A client program performs the following functionalities:

  • Have command line argument options to specify the host and port of the server, or default to some setting if no arguments are provided. For example, use localhost for the default host and the same default port numbers on the client and server.
  • Establish a secure connection with the server and authenticate its certificate using an OpenSSL library for your respective language
  • Provide the server with a set of credentials (username and password).
  • Send GET POST END commands to the server, and implement their functionality in a reader-friendly way.

An exchange between the server and client might look like this:

- Server is running on port 5000...
- Server checks its memory store for an existing record of message and groups. If it exists, load the information. Otherwise, create it.
- Server checks the password file if it exists.
* Client c1 connects to server, verifies the certificate is valid
* Client c2 connects to the server, verifies the certificate is valid
* c1 provides username and password, server authenticates by comparing hashes
* c2 is a new user, server appends the login info to the password file
* c1 wants to get all messages from the food group
- Server fetches information from data store, retrieves information and sends it over SSL to c1
* c1 wants to post to the food group "This recipe is great!"
- Server appends the message with a timestamp to the group, and updates the datastore.
* c2 wants to post to a new group "games"
- Server will create the group "games" and append c2's message to "games".
* c2 wants to retrieve all messages from "games"
- Server sends this information to c2 over SSL.
* c1 ends
* c2 ends

Running and Testing

To test your server, you can deploy it on localhost and have it listen on some port (5000, 3000 for example), and have clients connect to it as such. Make sure to keep the deployment port consistent across both the client and server, otherwise the client will not be able to find the server.

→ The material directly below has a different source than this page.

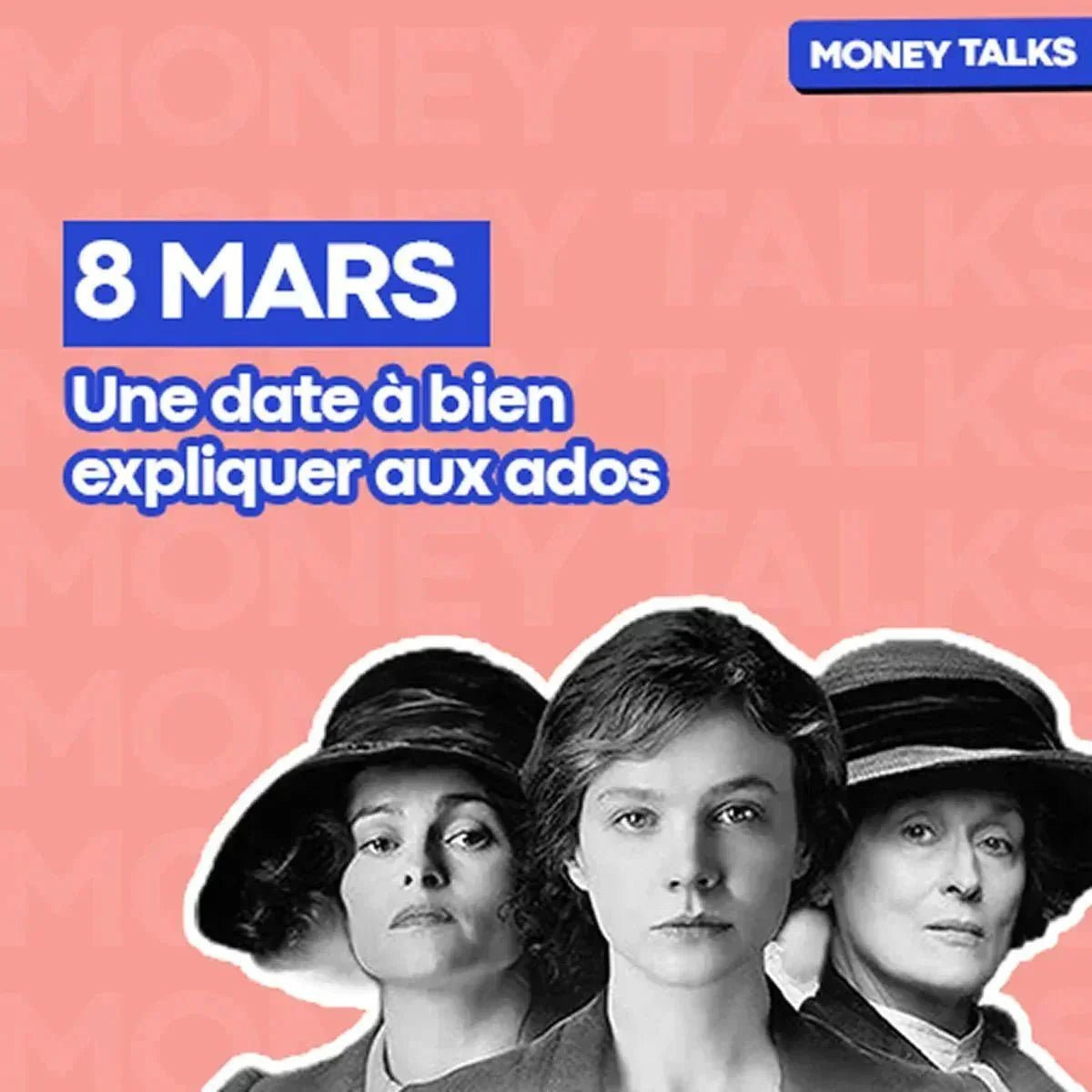 Journée des Droits des Femmes : comment l'expliquer à votre ado ? - Money Walkie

Have your client connect to the server, and at the same time, deploy another client to connect to the server (testing multithreaded functionalities). Here are some things to test for before submitting: - Trying to fetch messages from a group that doesn’t exist - Trying to provide an invalid username/password combo - Attempting to submit blank messages or invalid group names - Be careful of using methods that are vulnerable to buffer overflow! - Server’s certificate information does not match the expected information in the client. - Make sure the client cannot control or have access to the password file in any way (this is a Security class).

Submission

You will submit your client and server programs, as well as any demo files we need to run your program. We should be able to compile your program quickly and without errors. Please be sure to provide clear directions in your writeup. Have a friend test the entire compile and run process if you can to validate that you didn’t forget anything.

A short README file is also required (in any file format) to explain the logic of your program, as well as your design choices or if you implemented any special features.

On Sakai, submit all of this as a .tar file. by the above due date.

Be sure to identify all members of your group and have only one member submit the assignment.

Also be sure to observe the posted deadline. Late submissions will not be accepted.